Re: [build system] jenkins got itself wedged...

2017-05-21 Thread shane knapp
working on it.  we'll have intermittent downtime the next ~30 mins.

On Sun, May 21, 2017 at 12:01 PM, shane knapp  wrote:
> yeah.  i noticed that and restarted it a few minutes ago.  i'll have
> some time later this afternoon to take a closer look...   :\
>
> On Sun, May 21, 2017 at 9:08 AM, Kazuaki Ishizaki  wrote:
>> It looked well these days. However, it seems to go down slowly again...
>>
>> When I tried to see console log (e.g.
>> https://amplab.cs.berkeley.edu/jenkins/job/SparkPullRequestBuilder/77149/consoleFull),
>> a server returns "proxy error."
>>
>> Regards,
>> Kazuaki Ishizaki
>>
>>
>>
>> From:shane knapp 
>> To:Sean Owen 
>> Cc:dev 
>> Date:2017/05/20 09:43
>> Subject:Re: [build system] jenkins got itself wedged...
>> 
>>
>>
>>
>> last update of the week:
>>
>> things are looking great...  we're GCing happily and staying well
>> within our memory limits.
>>
>> i'm going to do one more restart after the two pull request builds
>> finish to re-enable backups, and call it a weekend.  :)
>>
>> shane
>>
>> On Fri, May 19, 2017 at 8:29 AM, shane knapp  wrote:
>>> this is hopefully my final email on the subject...   :)
>>>
>>> things have seemed to settled down after my GC tuning, and system
>>> load/cpu usage/memory has been nice and flat all night.  i'll continue
>>> to keep an eye on things but it looks like we've weathered the worst
>>> part of the storm.
>>>
>>> On Thu, May 18, 2017 at 6:40 PM, shane knapp  wrote:
 after needing another restart this afternoon, i did some homework and
 aggressively twiddled some GC settings[1].  since then, things have
 definitely smoothed out w/regards to memory and cpu usage spikes.

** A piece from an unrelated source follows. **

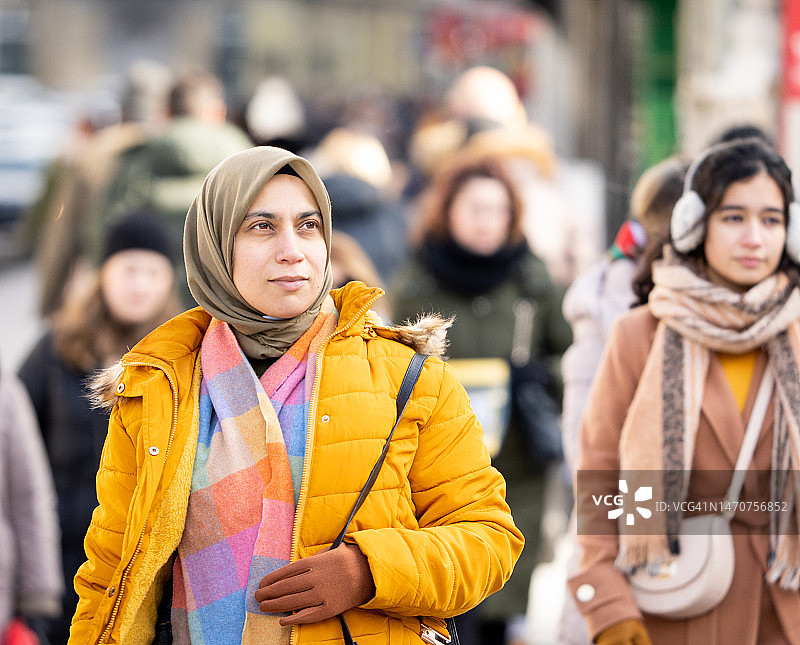 行走在拥挤街道上的穆斯林妇女图片素材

 i've attached a screenshot of slightly happier looking graphs.

 still keeping an eye on things, and hoping that i can go back to being
 a lurker...  ;)

 shane

 1 - https://jenkins.io/blog/2016/11/21/gc-tuning/

 On Thu, May 18, 2017 at 11:20 AM, shane knapp 
 wrote:
> ok, more updates:
>
> 1) i audited all of the builds, and found that the spark-*-compile-*
> and spark-*-test-* jobs were set to the identical cron time trigger,
> so josh rosen and i updated them to run at H/5 (instead of */5).  load
> balancing ftw.
>
> 2) the jenkins master is now running on java8, which has moar bettar
> GC management under the hood.
>
> i'll be keeping an eye on this today, and if we start seeing GC
> overhead failures, i'll start doing more GC performance tuning.
> thankfully, cloudbees has a relatively decent guide that i'll be
> following here:  https://jenkins.io/blog/2016/11/21/gc-tuning/
>
> shane
>
> On Thu, May 18, 2017 at 8:39 AM, shane knapp 
> wrote:
>> yeah, i spoke too soon.  jenkins is still misbehaving, but FINALLY i'm
>> getting some error messages in the logs...   looks like jenkins is
>> thrashing on GC.
>>
>> now that i know what's up, i should be able to get this sorted today.
>>
>> On Thu, May 18, 2017 at 12:39 AM, Sean Owen  wrote:
>>> I'm not sure if it's related, but I still can't get Jenkins to test
>>> PRs. For
>>> example, triggering it through the spark-prs.appspot.com UI gives
>>> me...
>>>
>>> https://spark-prs.appspot.com/trigger-jenkins/18012
>>>
>>> Internal Server Error
>>>
>>> That might be from the appspot app though?
>>>
>>> But posting "Jenkins test this please" on PRs doesn't seem to work,
>>> and I
>>> can't reach Jenkins:
>>>
>>> https://amplab.cs.berkeley.edu/jenkins/view/Spark%20QA%20Test%20(Dashboard)/
>>>
>>> On Thu, May 18, 2017 at 12:44 AM shane knapp 
>>> wrote:

 after another couple of restarts due to high load and system
 unresponsiveness, i finally found what is the most likely culprit:

 a typo in the jenkins config where the java heap size was configured.
 instead of -Xmx16g, we had -Dmx16G...  which could easily explain the
 random and non-deterministic system hangs we've had over the past
 couple of years.

 anyways, it's been corrected and the master seems to be humming
 along,
 for real this time, w/o issue.  i'll continue to keep an eye on this
 for the rest of the week, but things are looking MUCH better now.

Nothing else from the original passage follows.